▸ Instructions for the task
Reprint each record exactly. Pictures are not reprinted.

═════ Source material

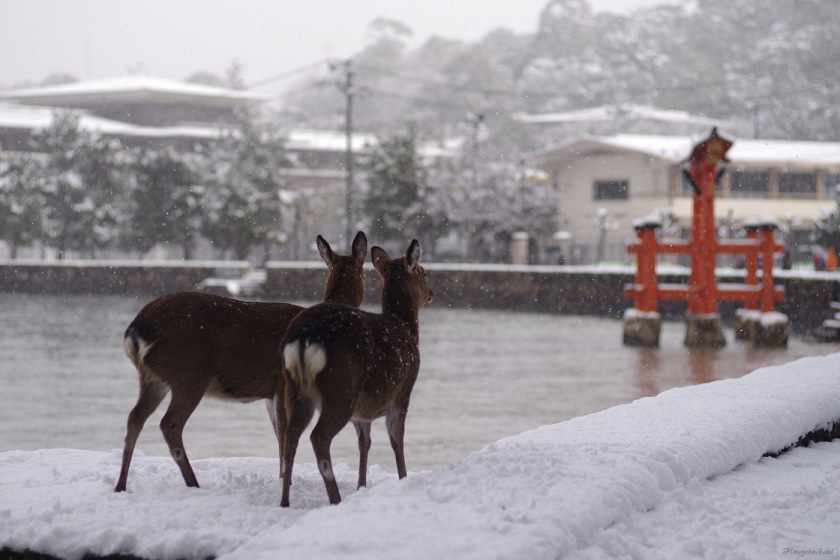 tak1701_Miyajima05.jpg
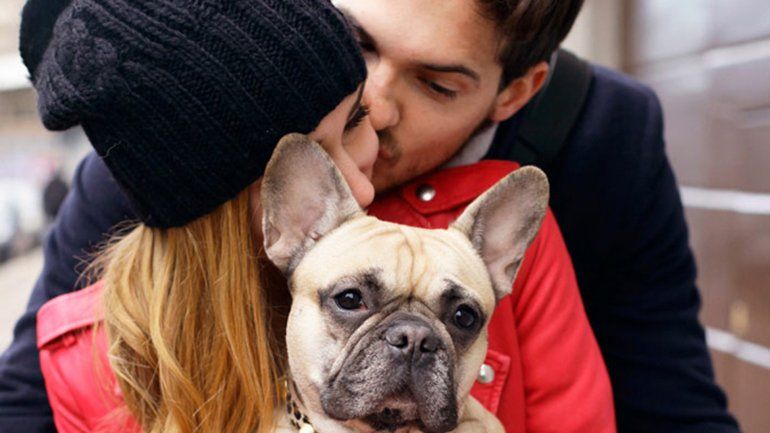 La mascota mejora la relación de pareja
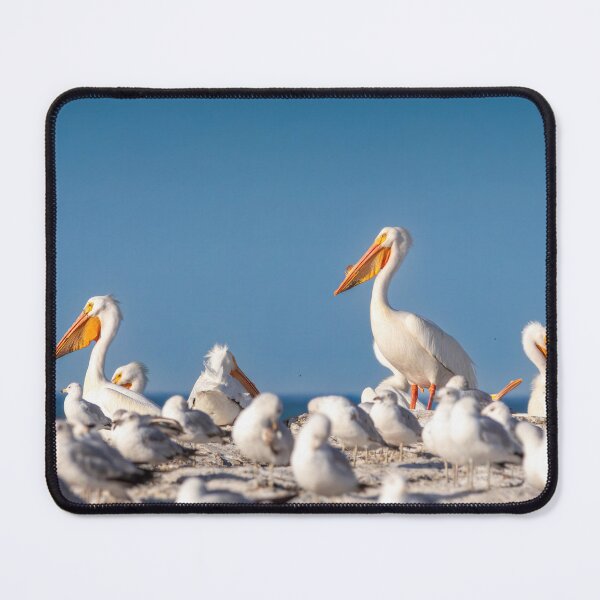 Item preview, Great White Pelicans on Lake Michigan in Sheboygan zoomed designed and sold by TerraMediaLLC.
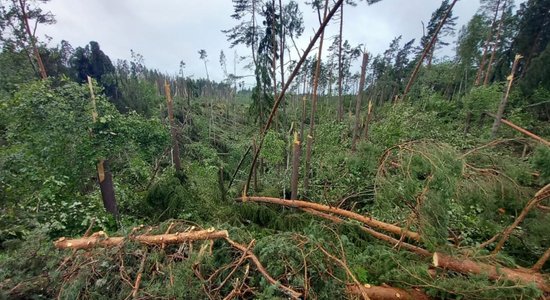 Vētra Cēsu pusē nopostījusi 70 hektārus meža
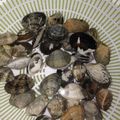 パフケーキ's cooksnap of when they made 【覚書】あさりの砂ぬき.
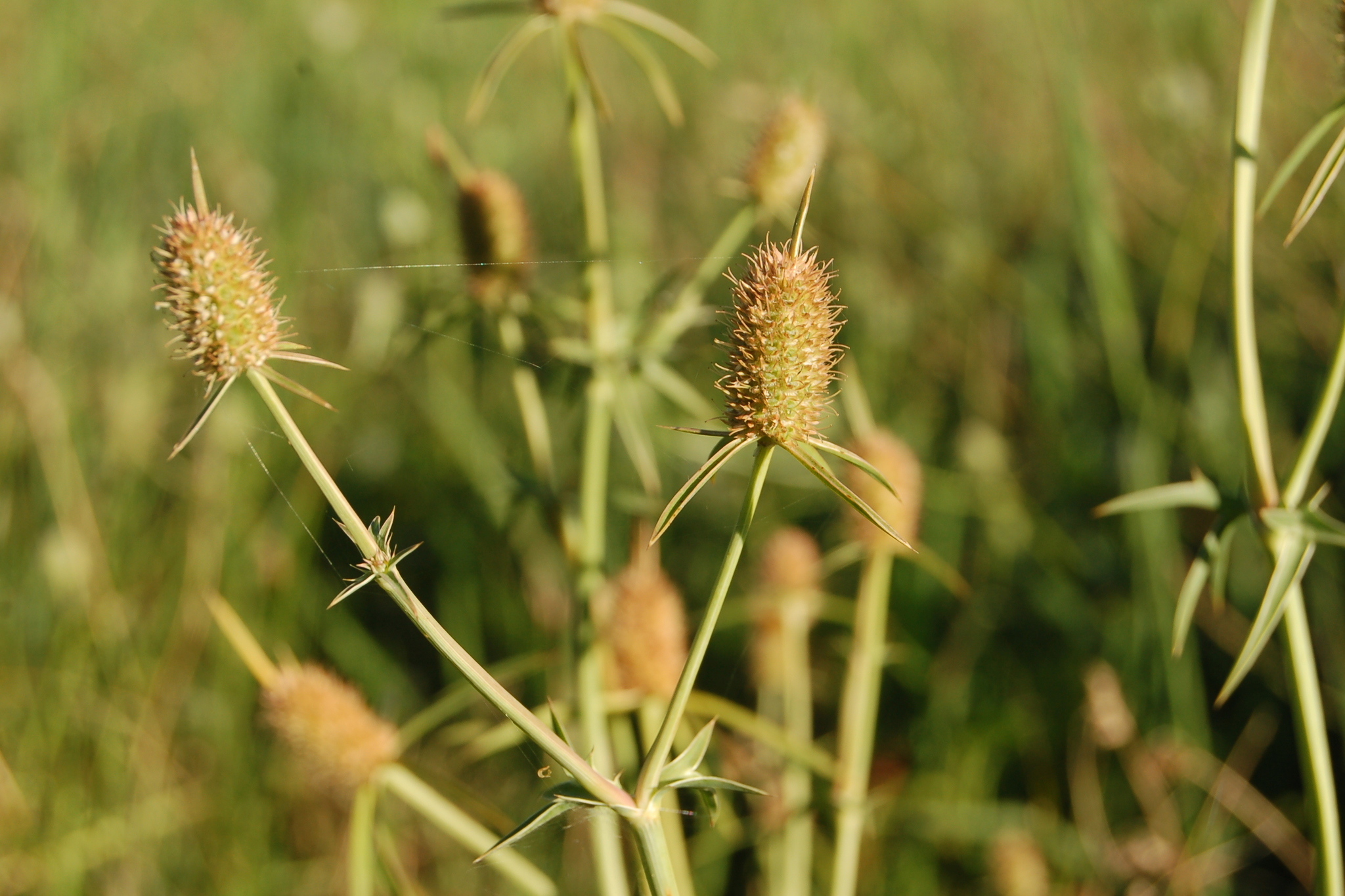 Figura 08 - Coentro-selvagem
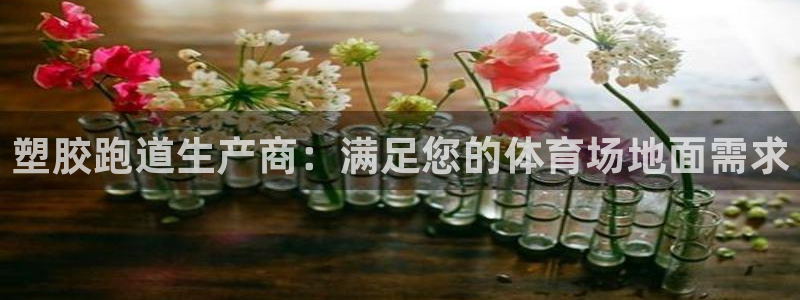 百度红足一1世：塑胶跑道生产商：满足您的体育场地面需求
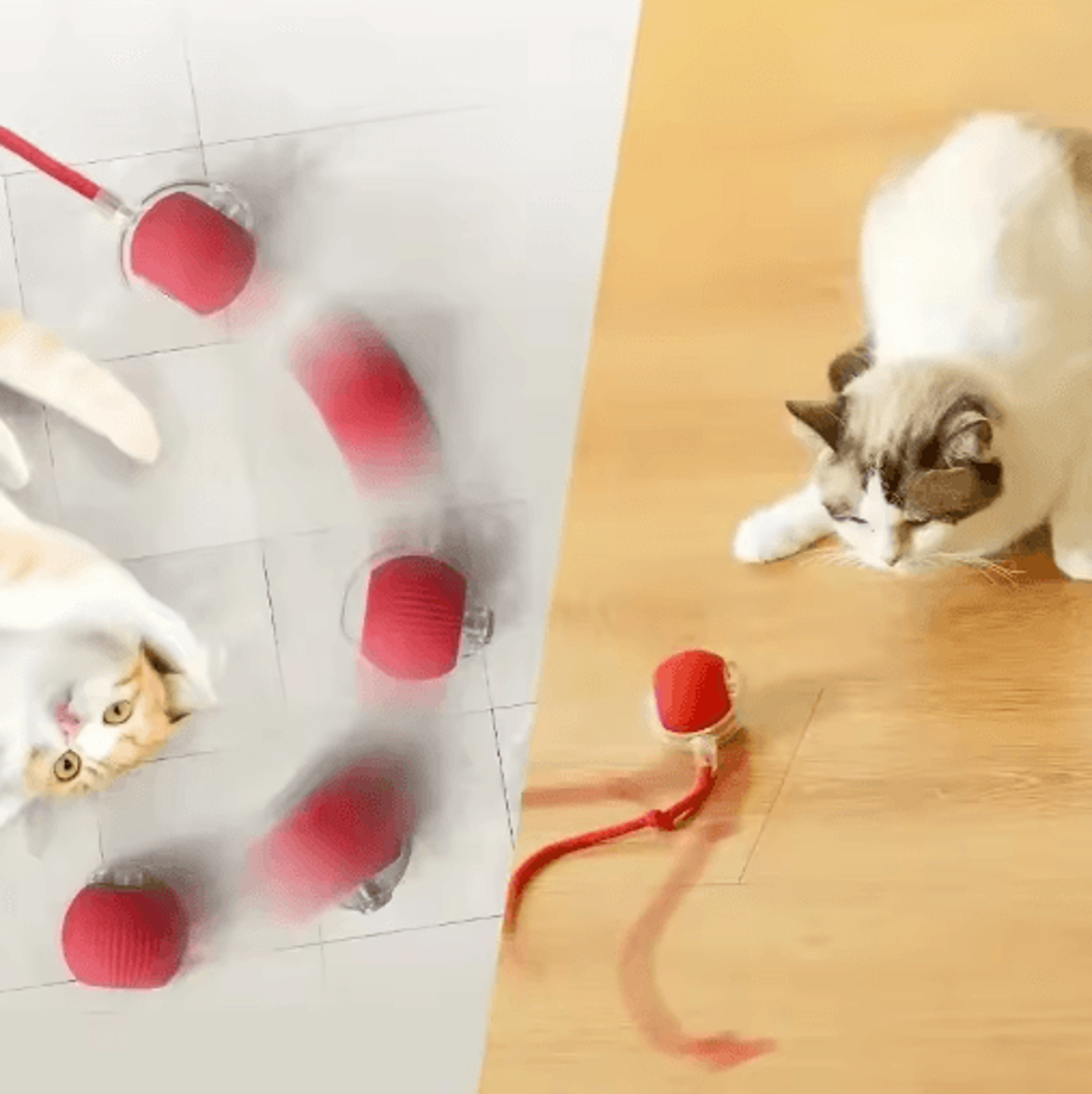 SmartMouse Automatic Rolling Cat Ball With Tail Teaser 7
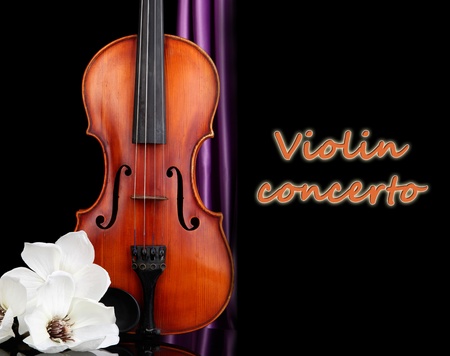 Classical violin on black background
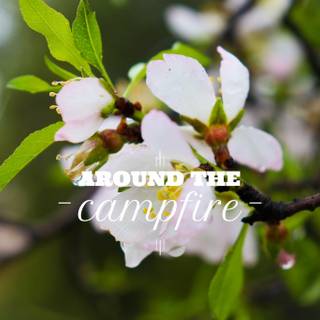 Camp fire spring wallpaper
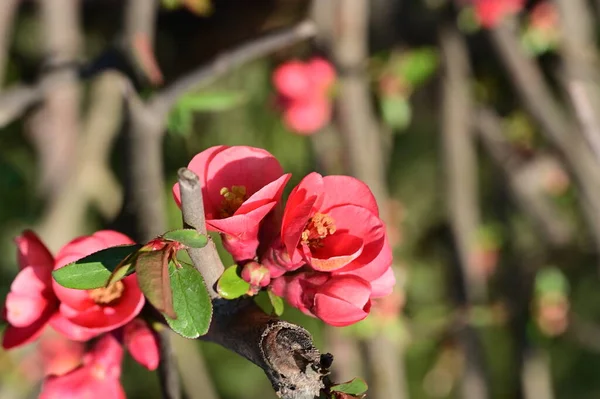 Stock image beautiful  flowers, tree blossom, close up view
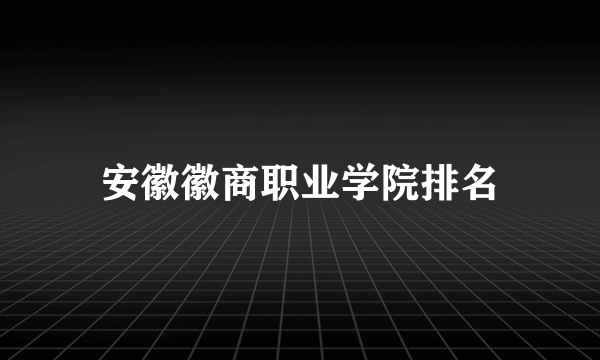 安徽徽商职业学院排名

══════════

▸ Response to the exercise
 tak1701_Miyajima05.jpg
 La mascota mejora la relación de pareja
 Item preview, Great White Pelicans on Lake Michigan in Sheboygan zoomed designed and sold by TerraMediaLLC.
 Vētra Cēsu pusē nopostījusi 70 hektārus meža
 パフケーキ's cooksnap of when they made 【覚書】あさりの砂ぬき.
 Figura 08 - Coentro-selvagem
 百度红足一1世：塑胶跑道生产商：满足您的体育场地面需求
 SmartMouse Automatic Rolling Cat Ball With Tail Teaser 7
 Classical violin on black background
 Camp fire spring wallpaper
 Stock image beautiful  flowers, tree blossom, close up view
 安徽徽商职业学院排名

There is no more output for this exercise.